An Australian federal court Thursday published documents detailing the abuse of youth offenders in a Western Australia juvenile detention centre. Court documents filed in the Walters v State of Western Australia case detail substantial allegations of abuse and human rights violations against children held at the Banksia Hill Detention Centre. In an affidavit delivered in November, Sydney lawyer Stewart Levitt outlined the conditions that two applicants faced during their detention, which included discrimination, physical assault, unlawful imprisonment, and excessive use of force.
The class action containing over 500 current and former detainees from Banksia Hill was filed in the Federal Court of Australia in November 2022, alleging that the state of Western Australia breached its duty of care obligations to children detained at the facility.
Mr Levitt described the account of one female detainee, Ms Walters, at Banksia Hill with severe autism who was “locked confined alone in a cell for approximately 23 hours a day” for extended periods. Ms Walters was handcuffed and shackled when her parents saw her during visiting times and were denied visits from her family on several occasions. She was often subject to strip searches and faced dehumanising treatment by the facilities’ officers. In one instance, the affidavit describes officers forcibly dressing Ms Walters in uniforms and undergarments with menstrual stains from other detainees against her will.
“She felt that she was being treated like a dog and responded to this by sleeping on the concrete floor and pretending that she was a dog,” the affidavit states.
Ms Walters had minimal access to education and “her level of educational competency declined” throughout her detainment.
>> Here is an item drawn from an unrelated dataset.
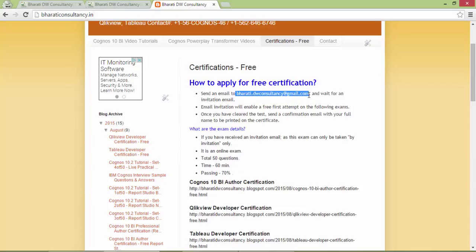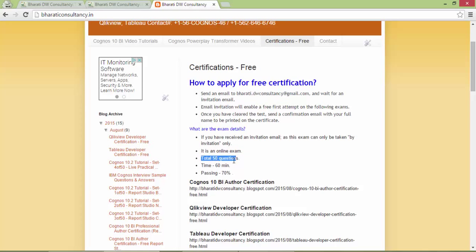The invitation email allows you to appear for the exam. The first attempt is free, and if you clear the exam you will get a certificate. There are a total of 50 questions in one hour, and the passing percentage is 70%.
The affidavit states that the treatment Ms Walters faced at Banksia Hill had a “compounding effect” on her existing psychological conditions.
In the affidavit, another applicant describes an instance where he was “folded up” by officers, a restraint tactic where he was held facedown on the ground, and an officer bent his legs over “so that his heels were near his buttocks and placed pressure on his legs to hold him down.” During his multiple stays between 2014 and 2020, he faced excessive force, was denied basic education and was harassed about his intellectual and mental disabilities.
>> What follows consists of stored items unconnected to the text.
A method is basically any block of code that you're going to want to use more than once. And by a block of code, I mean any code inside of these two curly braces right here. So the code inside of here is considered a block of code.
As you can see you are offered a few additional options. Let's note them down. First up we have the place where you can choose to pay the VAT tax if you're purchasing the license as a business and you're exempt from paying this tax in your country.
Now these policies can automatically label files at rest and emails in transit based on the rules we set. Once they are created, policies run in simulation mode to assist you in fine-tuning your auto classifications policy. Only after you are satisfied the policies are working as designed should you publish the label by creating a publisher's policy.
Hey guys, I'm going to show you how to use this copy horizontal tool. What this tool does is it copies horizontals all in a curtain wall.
This case follows multiple recorded instances of abuse in Australian youth detention centres, which National Children’s Commissioner Anne Hollonds describes as “a national systematic failure to protect children.”
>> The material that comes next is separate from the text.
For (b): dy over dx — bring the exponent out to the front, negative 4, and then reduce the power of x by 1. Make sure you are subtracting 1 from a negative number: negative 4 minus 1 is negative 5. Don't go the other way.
A joint complaint against Banksia Hill was lodged with the Australian Human Rights Commission in June 2022, with multiple accounts of discriminatory treatment, unlawful imprisonment, assault and battery. The Human Rights Commissioner lodged a submission to the UN Committee Against Torture in November 2022, making 44 recommendations regarding the treatment of children in youth detention centres, First Nations people, those with a disability, and LGBTIQ+ people.